▸ Goal of the exercise
The output is the line holding "JJYY 3 en 1" and all lines after it to the end of the records below; restate them unchanged and add nothing.

[Dataset excerpts]
+ + + +
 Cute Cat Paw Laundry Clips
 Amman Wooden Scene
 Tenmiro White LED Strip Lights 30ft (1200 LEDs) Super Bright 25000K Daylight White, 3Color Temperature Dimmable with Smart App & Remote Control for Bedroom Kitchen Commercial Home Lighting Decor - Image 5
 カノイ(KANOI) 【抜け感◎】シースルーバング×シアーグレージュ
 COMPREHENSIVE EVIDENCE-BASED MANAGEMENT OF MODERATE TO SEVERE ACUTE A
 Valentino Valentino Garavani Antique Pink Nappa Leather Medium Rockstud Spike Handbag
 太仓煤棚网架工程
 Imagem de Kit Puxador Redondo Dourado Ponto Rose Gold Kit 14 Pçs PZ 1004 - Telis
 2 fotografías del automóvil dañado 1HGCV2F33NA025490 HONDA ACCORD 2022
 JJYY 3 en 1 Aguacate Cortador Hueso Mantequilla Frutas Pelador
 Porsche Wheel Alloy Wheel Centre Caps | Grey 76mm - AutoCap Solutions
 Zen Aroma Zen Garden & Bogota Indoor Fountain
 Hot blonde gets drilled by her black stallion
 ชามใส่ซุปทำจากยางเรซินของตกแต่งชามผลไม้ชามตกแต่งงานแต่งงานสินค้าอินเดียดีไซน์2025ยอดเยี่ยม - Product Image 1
+ + + +
▸ Written solution
 JJYY 3 en 1 Aguacate Cortador Hueso Mantequilla Frutas Pelador
 Porsche Wheel Alloy Wheel Centre Caps | Grey 76mm - AutoCap Solutions
 Zen Aroma Zen Garden & Bogota Indoor Fountain
 Hot blonde gets drilled by her black stallion
 ชามใส่ซุปทำจากยางเรซินของตกแต่งชามผลไม้ชามตกแต่งงานแต่งงานสินค้าอินเดียดีไซน์2025ยอดเยี่ยม - Product Image 1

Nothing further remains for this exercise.